Welcome back to season two of the Ivy League Prep Academy Podcast. Equipping you to successfully pursue the college of your dreams. We believe everyone deserves to reach their full potential, and the admissions process shouldn't hold you back.

If you're like most people, you view stress as harmful. And that doesn't surprise me. It shouldn't surprise anyone.

If you just look up stress or what to Do About Stress any number of different stress related searches on Google, you're going to find endless answers about how debilitating and how bad stress is for you. And because so many people believe that stress is bad for them, well, it leads to a whole bunch of behaviors that are not healthy, behaviors and attitudes and beliefs that are actually creating more harm than good. For example, sometimes people get drunk to, quote unquote, release stress.

Other times, people might procrastinate in order to avoid feeling stressed. Or sometimes people worry and stress out as they imagine worst case scenarios. As I did my research for this podcast, I even found one study that talked about how simply having the goal to avoid stress increase the long term risk of outcomes like depression and divorce, or getting fired, right, just by increasing people's reliance on these harmful coping strategies, right? If you're trying to release stress or reduce stress, then you avoid it, you worry about it, you try to cope with it, you try to mask it, you try to cover it up, whatever it may be.
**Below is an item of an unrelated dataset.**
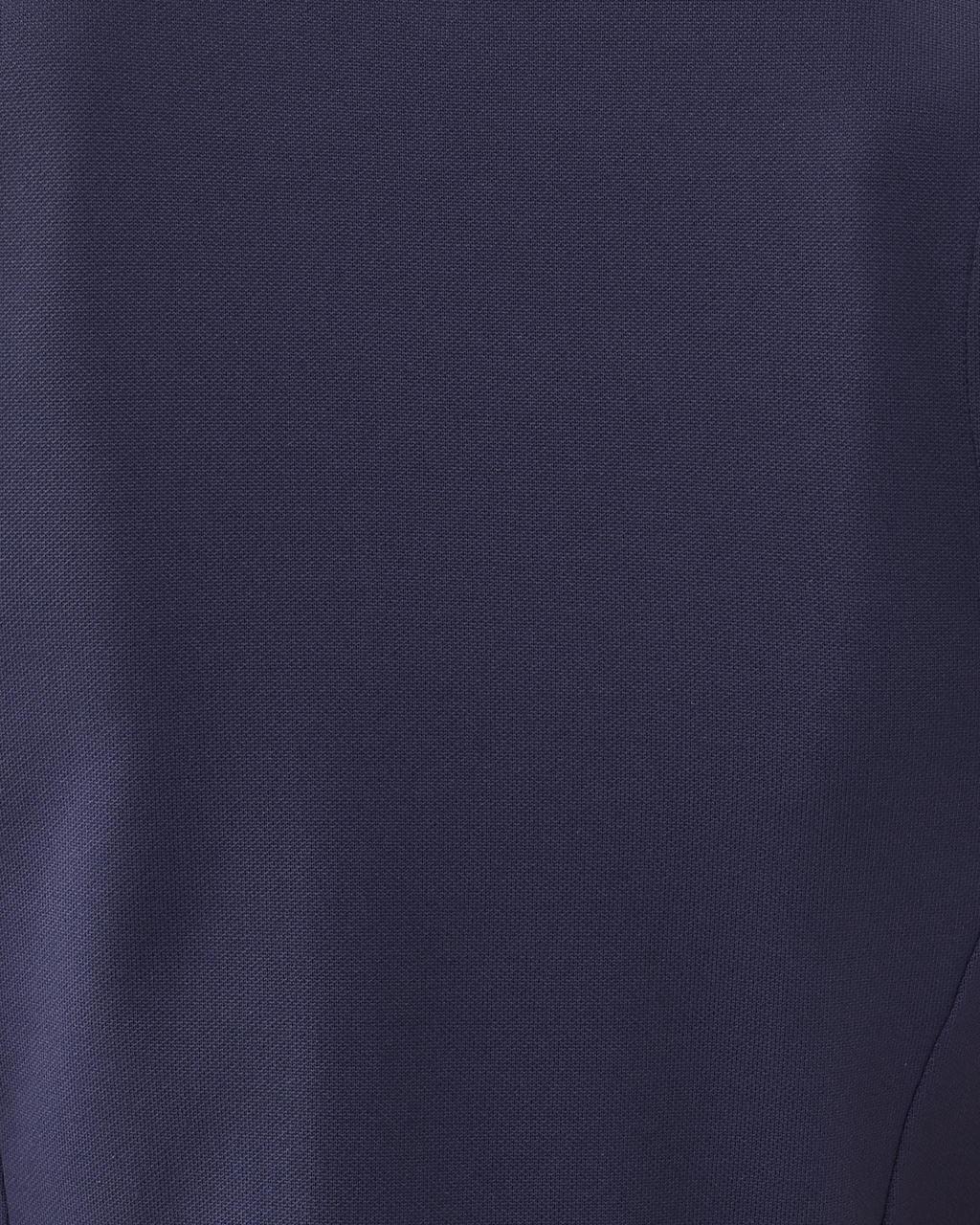 Lilly Pulitzer - UPF 50+ Luxletic Martina Polo - True Navy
In contrast, within the next few minutes, I hope that you can change your perspective, that you can view stress more positively, recognize that stress encourages people to cope in ways that help them thrive, that using the energy of stress, you can actually tackle the source of stress. Or that because of stress, you can seek out social support, or you can even find meaning in it. All of these responses are far more healthy.
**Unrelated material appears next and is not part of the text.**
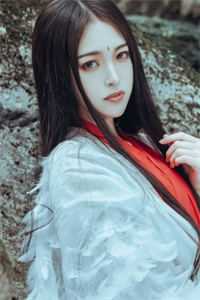 化身索命死神，欺负我女儿都得死无删减全文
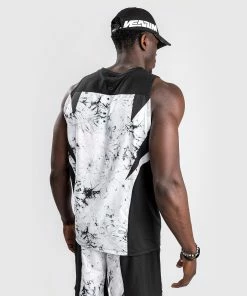 Venum G-Fit Marble Dry Tech Tank Top - Marble -Venum store DRYTECH TANKTOP GFIT MARBLE 17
If you want to read the research for yourself, there are a couple of people I recommend. One is Kelly McGonagle. She's a Stanford psychologist and author of The Upside of Stress.

And the other is Alia Crumb, who did research both at UPenn and at Stanford University. And both of these amazing researchers have written plenty about the upside of stress, about how positive stress actually can be. So, for example, this research shows that viewing stress as a helpful part of life rather than harmful is associated with better health, with better emotional well being, with higher productivity at work.
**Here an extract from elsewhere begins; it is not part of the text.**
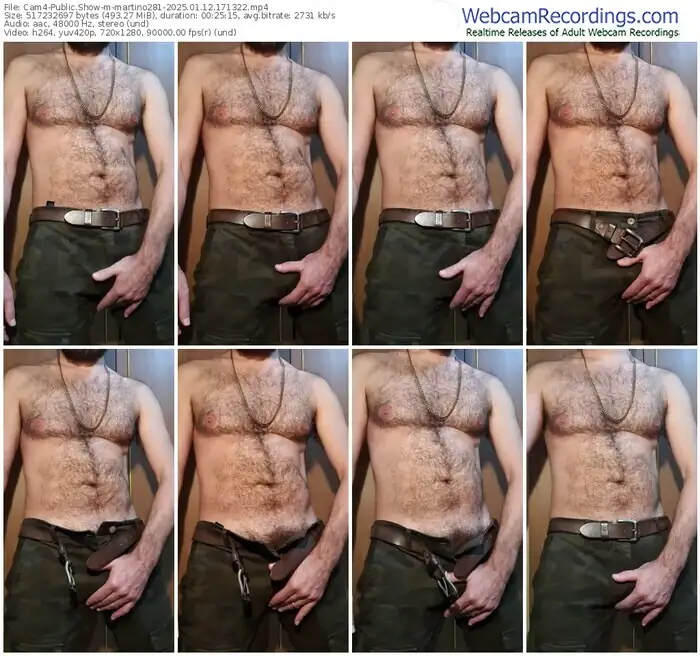 2025/01/12/cam4-martino281-17-13-22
And this is true even during periods of very high stress. So what are the healthy mindsets around stress? Rather than trying to reduce stress, trying to find ways to cope with stress, et cetera, I want you to shift in one of three ways the three most positive, most protective beliefs about stress. The three mindsets that allow stress to help you the most are one, view your body's stress response as helpful, not debilitating, so, for example, the extra energy that you produce when you experience the adrenaline and the cortisol that heightens your focus, it gives you extra energy.

And you can use that extra energy to perform at a higher level. That's a healthy stress response. Number two, to view yourself as completely capable of handling and even learning and growing from the stress in your life.

So if you believe that you're up to the task, you can do it. This is difficult, but you can handle it. And that you're going to get stronger, you're going to learn, you're going to grow because of the stress.

Again, that's a very healthy mindset to come into stress with. And third is to view stress as something totally normal, something that everyone deals with, right? Stress is not evidence that you are not good enough or that your life or that you are somehow not enough. Stress is something totally normal.

All right? So the reason why stress has such a bad name is there's a lot of good evidence around the fact that chronic and traumatic stress does in fact increase the risk of illness. It leads to depression, even early death and so many other things. That's all true.

And what I'm saying is choosing one of these more healthy responses to stress does not deny the fact that stress can be harmful. Instead, what I'm asking you to do is recognize that there are more responses to stress and that some are healthier than others. So there is a myth that these stress response is quote unquote, fight or flight.

Maybe you've heard this before, but did you know that the body has equally natural responses that are not fight or flight? Equally natural responses to stress? It is, for example, equally natural for someone to experience high levels of stress and get excited and feel like it's time for them to step up and play a better game. They become more focused. That's a perfectly natural and normal response.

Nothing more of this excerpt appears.